Missouri fell behind 3-4 to open the match, but sophomore hitter Emily Wilson’s second kill of the day pulled the Tigers even and helped them mount an 11-2 run to make it 14-6. The lead swelled to nine when junior hitter Lisa Henning and sophomore blocker Melissa Hartsel teamed up for a block at 23-14. Two serves later, freshman hitter Regan Peltier’s kill gave Missouri set point, which Missouri won on the next serve.
Peltier, who has until recently started and rotated out, played in every position on the court Sunday due to the absences of sophomore outside hitter Taylor Simpson and sophomore defensive specialist Niki Collier.
Simpson left the team for “personal reasons,” a statement released Saturday said, and Collier has taken a personal leave from the team. Simpson is expected to leave MU and transfer elsewhere. Collier’s return has yet to be specified.
Because of the personnel issues, Missouri, once considered the deepest team in the SEC, only had nine players active during the match.

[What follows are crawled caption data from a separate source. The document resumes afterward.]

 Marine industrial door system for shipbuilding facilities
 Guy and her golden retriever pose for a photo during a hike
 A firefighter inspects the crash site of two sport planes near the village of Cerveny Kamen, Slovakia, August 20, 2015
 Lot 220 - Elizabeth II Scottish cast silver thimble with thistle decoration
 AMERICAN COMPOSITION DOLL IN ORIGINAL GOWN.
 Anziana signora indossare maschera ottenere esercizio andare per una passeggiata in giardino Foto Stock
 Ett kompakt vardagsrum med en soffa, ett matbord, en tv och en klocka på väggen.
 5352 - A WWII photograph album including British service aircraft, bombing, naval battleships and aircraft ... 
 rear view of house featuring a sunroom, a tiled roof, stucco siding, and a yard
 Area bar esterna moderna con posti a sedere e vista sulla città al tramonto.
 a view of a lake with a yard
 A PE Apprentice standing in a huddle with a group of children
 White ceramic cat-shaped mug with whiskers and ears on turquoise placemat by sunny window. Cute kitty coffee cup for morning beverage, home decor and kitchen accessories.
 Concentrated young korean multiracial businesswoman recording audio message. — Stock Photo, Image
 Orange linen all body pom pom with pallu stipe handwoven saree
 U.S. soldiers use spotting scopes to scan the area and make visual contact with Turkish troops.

“What happens is you’ve got to put people into positions they’re not used to playing,” Kreklow said. “So you’ve got somebody like Regan Peltier as a freshman having to play all the way around, so you put her in positions where she has to pass and defend more than she’s used to. … And any time you start doing that, it bleeds over into other areas a little bit. So other people try to do a little bit more. They overplay a little bit.”
In the second set, a Peltier kill at 9-3 and a Wilson kill at 16-10 forced Bulldog coach Jenny Hazelwood into two timeouts. Mississippi State rallied to tie the game at 19 when Kreklow took a timeout.
“’We’re on national TV,’” Wilson said Kreklow said during the stoppage, referring to the ESPNU broadcast. “‘Is this how you guys want to show yourselves on national TV?’”
After the break, Missouri took a three-point lead and took the set on a powerful kill from Henning.
Last season’s third-team All-American picked up in the third frame where she left off in the second. She notched five of her 14 kills in the final game, putting the Tigers back in the driver’s seat after an early 3-8 deficit.
“In crucial times like that, you always know Lisa is ready,” junior setter Molly Kreklow said. “In this game we wanted to try to get other people the ball and give them an opportunity to play well and get some shots at different positions, but coming into the third game, I think me and Lisa were on the same page. You give the ball to your best swing in crunch time, and Lisa’s always ready and did a great job bringing us home.”